OK, once in my career as a political activist I did that good sport thing, after we lost the 1990 ballot campaign to repeal the Dukakis tax hikes. Shocked that the voters were willing to put up with so much government abuse, I intended to say "what, are you nuts?" but cooler heads prevailed. I smiled instead and congratulated our opponents, the public employee unions who still enjoy the fruits of the tax increases in extraordinary pensions and health insurance benefits.

Henry David Thoreau was right: "The greater part of what my neighbors call good I believe in my soul to be bad, and if I repent of anything, it is likely to be my good behavior. What demon possessed me, that I behaved so well?"

Now I'm going to get mine back. I am signed up for Medicare and am taking Social Security one year early. I suppose I could retire if I wanted to a live a very Thoreau-simple life in a one-room cabin, but since I prefer to keep my five-room house I must continue to be a taxpayer activist in defense of Proposition 21/2.

Last week the House passed a bill to allow communities to give certain senior citizens an abatement of future Prop 21/2 overrides, in the hope that seniors will stay at home and allow the overrides to pass. We can hope that the Senate isn't going to do this favor for former House member David Cohen, now mayor of Newton and looking for an override while he builds a $200 million high school.

Seniors: Even if you are the kind of person who wouldn't mind letting young families and unemployed people pay some of "your share," be warned: the abatement is not guaranteed beyond that first year.
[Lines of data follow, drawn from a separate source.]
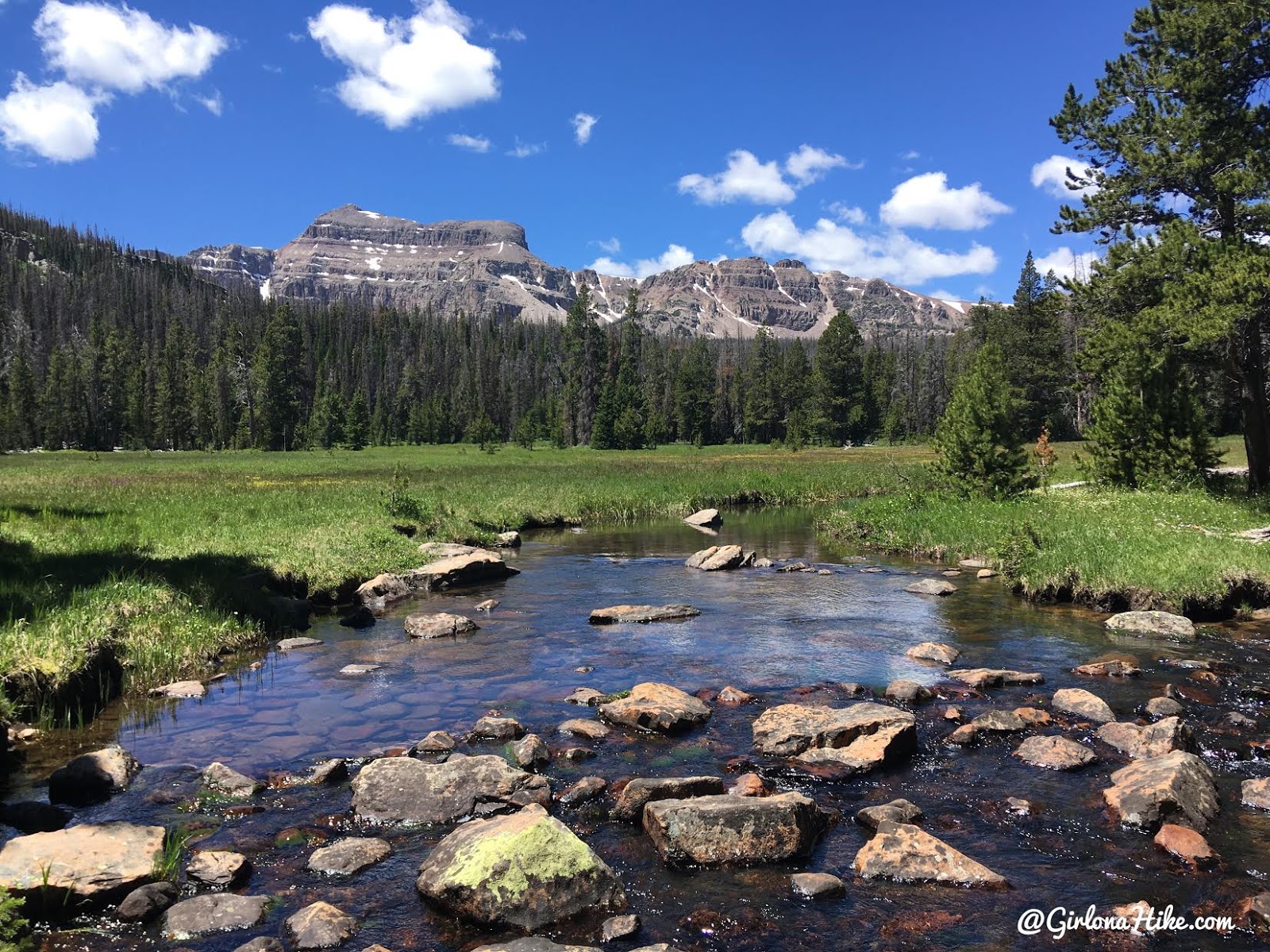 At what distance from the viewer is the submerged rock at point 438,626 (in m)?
17.2

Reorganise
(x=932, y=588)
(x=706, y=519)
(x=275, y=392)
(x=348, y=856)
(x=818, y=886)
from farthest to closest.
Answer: (x=275, y=392), (x=706, y=519), (x=932, y=588), (x=348, y=856), (x=818, y=886)

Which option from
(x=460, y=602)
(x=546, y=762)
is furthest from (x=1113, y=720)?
(x=460, y=602)

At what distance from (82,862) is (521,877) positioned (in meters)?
3.78

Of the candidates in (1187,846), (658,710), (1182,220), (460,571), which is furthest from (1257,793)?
(1182,220)

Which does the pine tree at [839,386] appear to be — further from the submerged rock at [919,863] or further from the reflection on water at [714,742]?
the submerged rock at [919,863]

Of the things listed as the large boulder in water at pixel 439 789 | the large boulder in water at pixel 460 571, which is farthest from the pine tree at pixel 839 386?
the large boulder in water at pixel 439 789

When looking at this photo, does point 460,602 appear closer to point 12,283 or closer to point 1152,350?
point 1152,350

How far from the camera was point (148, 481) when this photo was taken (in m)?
44.9

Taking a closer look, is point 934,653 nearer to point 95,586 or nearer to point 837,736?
point 837,736

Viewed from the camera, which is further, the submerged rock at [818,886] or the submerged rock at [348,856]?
the submerged rock at [348,856]

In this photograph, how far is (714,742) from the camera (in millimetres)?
10836

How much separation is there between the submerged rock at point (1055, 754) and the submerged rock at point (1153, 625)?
7.56 metres

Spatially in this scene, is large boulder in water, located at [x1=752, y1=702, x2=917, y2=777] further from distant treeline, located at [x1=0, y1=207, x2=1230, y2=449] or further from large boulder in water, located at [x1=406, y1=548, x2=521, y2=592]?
distant treeline, located at [x1=0, y1=207, x2=1230, y2=449]

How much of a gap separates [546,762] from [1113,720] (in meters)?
7.92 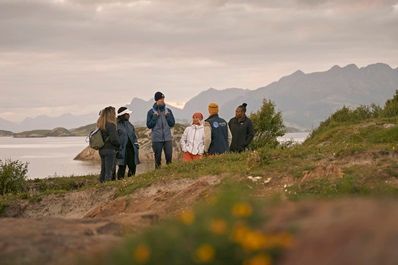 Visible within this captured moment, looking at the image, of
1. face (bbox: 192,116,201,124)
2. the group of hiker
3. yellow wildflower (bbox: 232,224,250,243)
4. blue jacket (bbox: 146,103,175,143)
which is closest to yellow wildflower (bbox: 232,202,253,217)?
yellow wildflower (bbox: 232,224,250,243)

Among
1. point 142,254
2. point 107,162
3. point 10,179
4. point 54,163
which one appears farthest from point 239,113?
point 54,163

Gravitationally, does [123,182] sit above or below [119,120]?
below

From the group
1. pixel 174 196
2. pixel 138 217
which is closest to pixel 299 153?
pixel 174 196

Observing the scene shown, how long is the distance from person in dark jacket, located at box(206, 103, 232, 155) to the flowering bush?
14.9 m

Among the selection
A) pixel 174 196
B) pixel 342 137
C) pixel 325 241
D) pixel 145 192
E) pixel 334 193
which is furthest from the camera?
pixel 342 137

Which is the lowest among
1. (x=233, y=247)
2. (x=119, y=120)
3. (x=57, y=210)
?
(x=57, y=210)

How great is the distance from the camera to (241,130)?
20875 millimetres

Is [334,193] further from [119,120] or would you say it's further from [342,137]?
[342,137]

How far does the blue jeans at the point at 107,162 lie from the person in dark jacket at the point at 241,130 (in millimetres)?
4256

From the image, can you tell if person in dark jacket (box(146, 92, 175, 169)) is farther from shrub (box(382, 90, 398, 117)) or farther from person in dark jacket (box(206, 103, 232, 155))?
shrub (box(382, 90, 398, 117))

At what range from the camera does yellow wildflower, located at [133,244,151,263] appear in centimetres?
433

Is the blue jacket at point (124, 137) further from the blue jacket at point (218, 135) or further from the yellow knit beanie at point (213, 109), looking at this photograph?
the yellow knit beanie at point (213, 109)

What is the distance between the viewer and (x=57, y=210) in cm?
1720

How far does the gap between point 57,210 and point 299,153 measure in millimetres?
6794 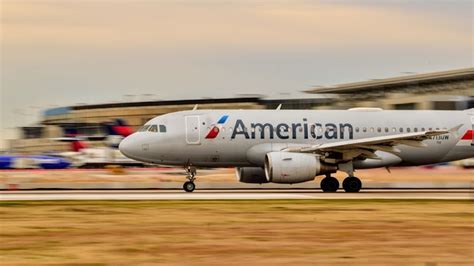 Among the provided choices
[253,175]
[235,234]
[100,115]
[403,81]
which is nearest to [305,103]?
[403,81]

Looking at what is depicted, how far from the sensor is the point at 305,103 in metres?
109

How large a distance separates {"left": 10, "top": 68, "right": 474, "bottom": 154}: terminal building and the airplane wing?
3220cm

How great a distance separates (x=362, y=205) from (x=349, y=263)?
13.4 metres

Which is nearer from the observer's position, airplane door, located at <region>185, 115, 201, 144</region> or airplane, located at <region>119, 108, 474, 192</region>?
airplane, located at <region>119, 108, 474, 192</region>

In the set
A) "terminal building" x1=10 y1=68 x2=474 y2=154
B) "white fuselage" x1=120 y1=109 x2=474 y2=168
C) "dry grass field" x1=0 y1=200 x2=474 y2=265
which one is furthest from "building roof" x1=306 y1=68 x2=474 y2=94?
"dry grass field" x1=0 y1=200 x2=474 y2=265

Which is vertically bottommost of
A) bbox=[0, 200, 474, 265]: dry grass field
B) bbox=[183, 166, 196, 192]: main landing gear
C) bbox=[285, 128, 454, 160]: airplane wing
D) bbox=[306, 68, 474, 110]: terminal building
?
bbox=[0, 200, 474, 265]: dry grass field

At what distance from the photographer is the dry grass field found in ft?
53.2

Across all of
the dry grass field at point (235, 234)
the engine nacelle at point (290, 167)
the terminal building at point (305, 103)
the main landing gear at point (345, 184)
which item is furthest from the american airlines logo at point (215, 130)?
the terminal building at point (305, 103)

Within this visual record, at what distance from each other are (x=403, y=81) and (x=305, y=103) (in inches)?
479

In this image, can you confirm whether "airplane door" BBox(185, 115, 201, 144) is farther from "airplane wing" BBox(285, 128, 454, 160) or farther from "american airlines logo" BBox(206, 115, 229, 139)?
"airplane wing" BBox(285, 128, 454, 160)

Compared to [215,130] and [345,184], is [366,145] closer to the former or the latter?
[345,184]

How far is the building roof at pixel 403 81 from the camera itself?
105 metres

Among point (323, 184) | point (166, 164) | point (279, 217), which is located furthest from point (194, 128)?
point (279, 217)

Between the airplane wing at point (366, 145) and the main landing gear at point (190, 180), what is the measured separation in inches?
160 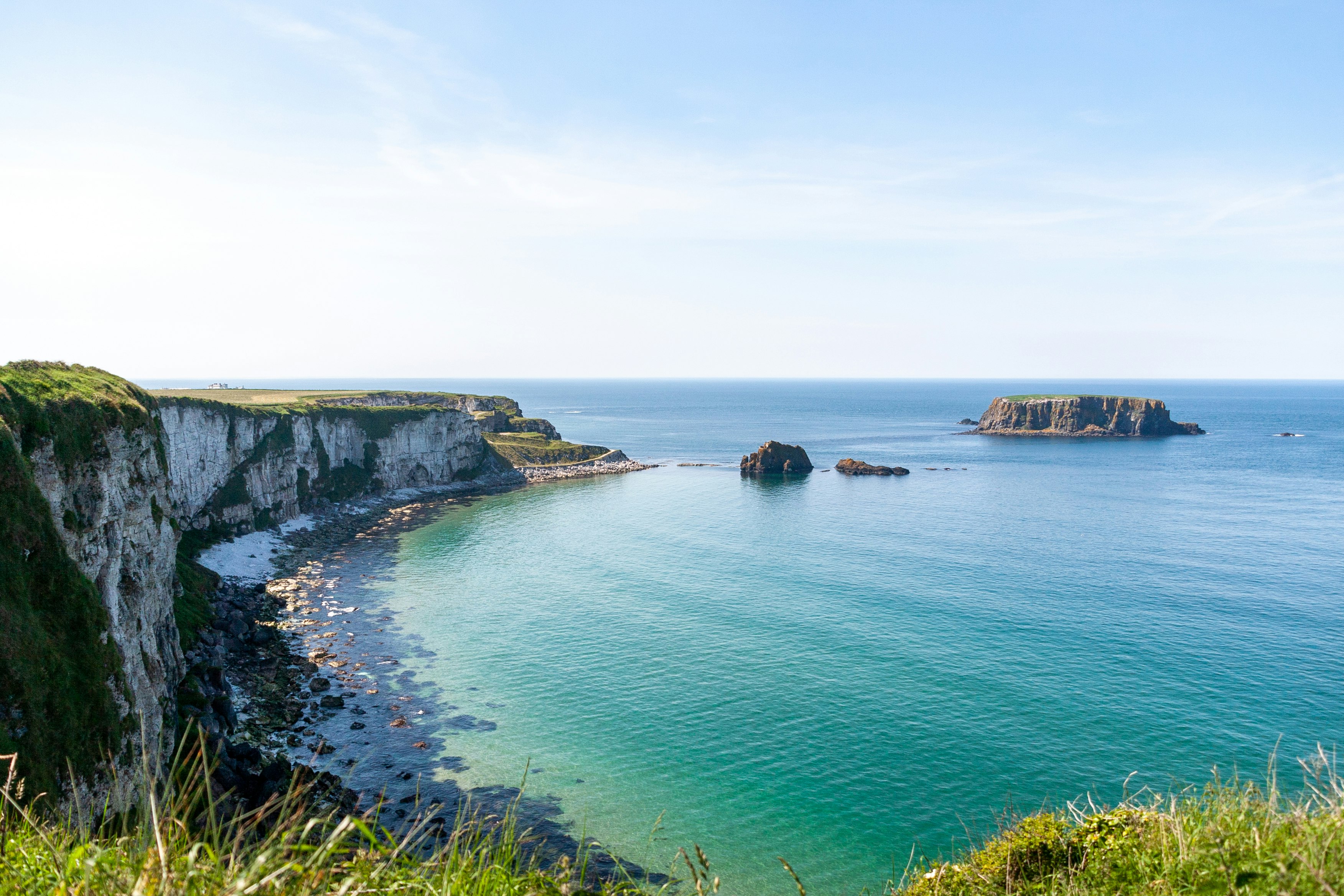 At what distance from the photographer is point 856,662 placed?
47.5 m

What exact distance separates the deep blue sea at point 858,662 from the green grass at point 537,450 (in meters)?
44.8

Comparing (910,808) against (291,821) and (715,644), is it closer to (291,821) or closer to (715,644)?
(715,644)

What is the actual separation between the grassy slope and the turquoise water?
16580 millimetres

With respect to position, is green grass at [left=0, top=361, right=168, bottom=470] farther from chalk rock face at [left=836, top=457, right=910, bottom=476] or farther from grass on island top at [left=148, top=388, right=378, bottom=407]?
chalk rock face at [left=836, top=457, right=910, bottom=476]

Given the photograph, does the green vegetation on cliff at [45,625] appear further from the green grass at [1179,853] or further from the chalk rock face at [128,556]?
the green grass at [1179,853]

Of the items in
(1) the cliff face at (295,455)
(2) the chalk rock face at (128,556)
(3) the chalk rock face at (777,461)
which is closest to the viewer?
(2) the chalk rock face at (128,556)

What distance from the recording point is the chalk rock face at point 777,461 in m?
138

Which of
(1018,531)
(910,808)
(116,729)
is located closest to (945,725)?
(910,808)

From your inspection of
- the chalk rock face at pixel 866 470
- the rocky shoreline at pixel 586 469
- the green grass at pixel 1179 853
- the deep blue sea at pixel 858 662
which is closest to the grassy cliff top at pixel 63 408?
the deep blue sea at pixel 858 662

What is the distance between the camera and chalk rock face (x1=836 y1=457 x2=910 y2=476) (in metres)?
133

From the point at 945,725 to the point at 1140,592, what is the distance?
32453 millimetres

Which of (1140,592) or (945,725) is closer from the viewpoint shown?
(945,725)

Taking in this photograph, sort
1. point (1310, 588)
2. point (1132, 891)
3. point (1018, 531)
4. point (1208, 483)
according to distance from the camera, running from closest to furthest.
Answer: point (1132, 891), point (1310, 588), point (1018, 531), point (1208, 483)

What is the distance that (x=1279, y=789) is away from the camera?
33.5 meters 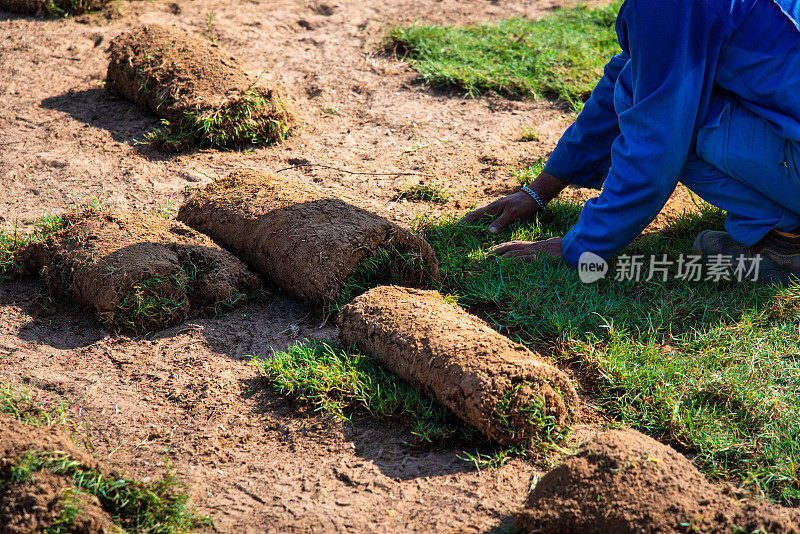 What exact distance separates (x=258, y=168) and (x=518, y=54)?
8.41 feet

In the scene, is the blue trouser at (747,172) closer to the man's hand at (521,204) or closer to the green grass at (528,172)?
the man's hand at (521,204)

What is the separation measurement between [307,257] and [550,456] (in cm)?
137

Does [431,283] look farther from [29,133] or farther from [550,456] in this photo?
[29,133]

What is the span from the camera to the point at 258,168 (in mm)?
4449

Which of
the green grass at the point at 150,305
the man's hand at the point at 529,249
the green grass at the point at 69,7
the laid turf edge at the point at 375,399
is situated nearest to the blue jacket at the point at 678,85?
the man's hand at the point at 529,249

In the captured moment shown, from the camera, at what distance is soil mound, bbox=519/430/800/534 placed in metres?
2.02

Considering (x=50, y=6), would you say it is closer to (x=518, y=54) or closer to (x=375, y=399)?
(x=518, y=54)

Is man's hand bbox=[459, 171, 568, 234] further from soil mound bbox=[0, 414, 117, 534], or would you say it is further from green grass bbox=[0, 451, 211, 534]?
soil mound bbox=[0, 414, 117, 534]

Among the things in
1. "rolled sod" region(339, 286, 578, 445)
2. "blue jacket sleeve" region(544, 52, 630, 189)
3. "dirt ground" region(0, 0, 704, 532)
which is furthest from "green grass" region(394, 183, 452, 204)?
"rolled sod" region(339, 286, 578, 445)

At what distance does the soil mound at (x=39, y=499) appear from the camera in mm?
2047

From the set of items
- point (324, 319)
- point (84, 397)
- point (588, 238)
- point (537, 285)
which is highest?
point (588, 238)

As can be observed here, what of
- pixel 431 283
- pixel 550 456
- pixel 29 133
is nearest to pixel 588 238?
pixel 431 283

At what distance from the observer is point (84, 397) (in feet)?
9.14

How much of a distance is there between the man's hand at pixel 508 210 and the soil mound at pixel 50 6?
4.27 metres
You could end up paying "your share" of higher property taxes yourself, if the overrides pass without senior opposition.

As a political activist, I always counted on senior citizens. They were "the greatest generation," hard-working proponents of traditional cultural values, personal responsibility, patriotism and common sense. Even the self-defined liberal seniors could usually see through political baloney, simply because they'd observed and experienced it for so many years.

Maybe it wasn't so much age as time and place in history. Perhaps my age group, followed closely by the boomers, carries a different slate of values with us into seniorhood. But listening to much older seniors resisting testing to determine driving ability, while younger drivers insist they have a right to talk on cell phones while driving, I wonder: are Americans in general just no longer pretending to be unselfish? So what if your reaction time is slipping and your phone brain is disengaged from the highway: you have a right to drive impaired, and if innocent people are injured or die, it's your fault but not your problem.

As an official senior now since Sunday, I look forward to a decade of getting my and my employers' Social Security payments back (I count not just the withheld funds but estimate the interest I could have gotten if I'd invested or saved them myself). I'll probably use up the Medicare payments in a much shorter time. But I'll still get senior discounts, including, incredibly, a discount on my auto insurance, at least until I drive through a restaurant window and wipe out full-price diners.

Now that I'm old I shall wear purple, be what I am and do what I please. Happy birthday to me!


Barbara Anderson is executive director of Citizens for Limited Taxation. Her column appears weekly in the Salem News and Eagle Tribune, and often in the Newburyport Times, Gloucester Times, and Lowell Sun; bi-weekly in the Tinytown Gazette; and occasionally in the Providence (RI) Journal and other newspapers.